Cristina, al igual que el resto de las mujeres españolas, siguió durmiendo durante ésa y todas las madrugadas de junio. Un sueño, el suyo, que me llenó de tristeza, porque el único motivo por el que un argentino acepta vivir en pareja es, sin duda, que la mujer lo mime en medio de un partido complicado.

No sé cómo funcionará el amor en otras familias, pero en mi hogar mercedino el amor de madre, o el amor de esposa, alcanzaba su máxima expresión cuando Chichita entraba al comedor a los cinco minutos del primer tiempo con la bandeja del mate y los bizcochitos de grasa. O cuando, promediando un partido trabado, asomaba la cabeza por la puerta y preguntaba:

—¿Siguen uno a uno?

A mi madre, como es lógico, le importaba una mierda el resultado de la semifinal de la Copa Libertadores. Pero en esa pregunta ("¿siguen uno a uno?") había otra inquietud escondida, una duda que sí era fundamental para ella. La pregunta tácita era esta otra:

—¿Cómo está mi familia? ¿Son ustedes felices con este empate transitorio, o debo preocuparme y amasar una pastafrola?

La mujer argentina, desde que es hermana menor, es decir desde la cuna misma, ve llorar a su padre, a sus tíos y a su abuelo. Esto no suele pasarle a las demás mujeres del mundo. Ver llorar a un hombre no es tan fácil en otros países. Y esto, el llanto masculino, marcará para siempre a la mujer nacional.
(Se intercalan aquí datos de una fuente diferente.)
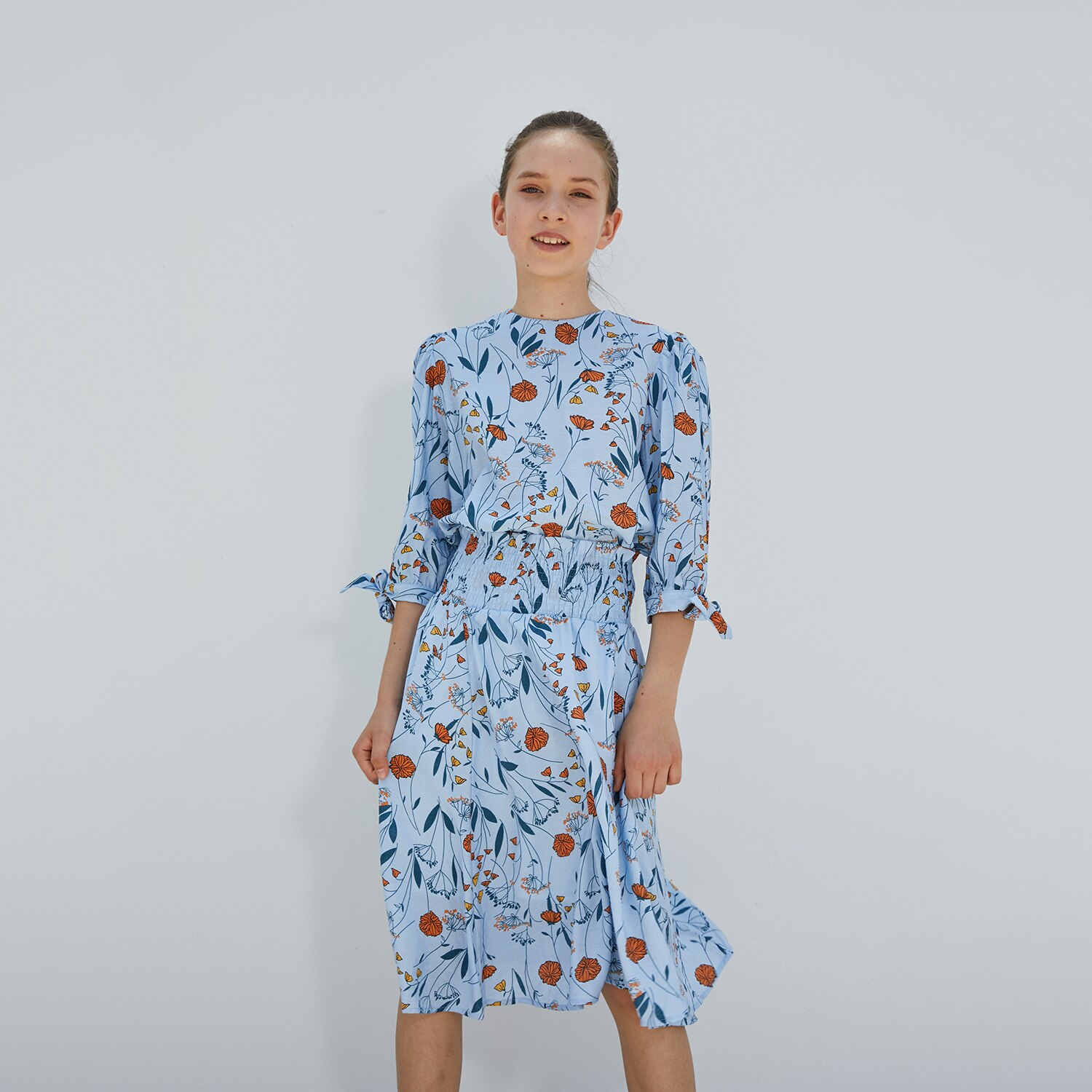 Teen Girls Floral Summer Clothes Set 2022 Big Girl Top Skirt with Cotton Lining Bow Soft Elastic Waist Sister,#7007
Sabe esta mujercita, desde la niñez de sus trenzas, que el hombre sufre. Que no es tan macho. Que el hombre se angustia y llora y patalea, que hace puchero frente a un corner a la olla en área propia cuando faltan dos minutos, o que se persigna con repentina devoción católica ante un avance peligroso; y conoce de sobra, la mujer argentina, que el hombre se quedará mudo días enteros si echan a la Selección de un Mundial en semifinales, o que será capaz de abrazar y besar a todas las mujeres de la casa si su equipo logra el triple punto G —gustar, ganar, golear— y que habrá felicidad y alegría en la pobreza del hogar si el domingo por la tarde la radio trae buenas noticias desde la cancha de Talleres.

La mujer argentina (y la brasileña, y la uruguaya; no la chilena, no la española) nace sabedora de esta pasión que envuelve al hombre de la casa. No sólo eso: la mujer argentina guarda en su memoria para siempre el recuerdo feliz de cuando su padre la llevaba, sobre los hombros, a la cancha, y le explicaba los secretos maravillosos del balompié desde una tribuna atiborrada de otros hombres con otras hijas en brazos.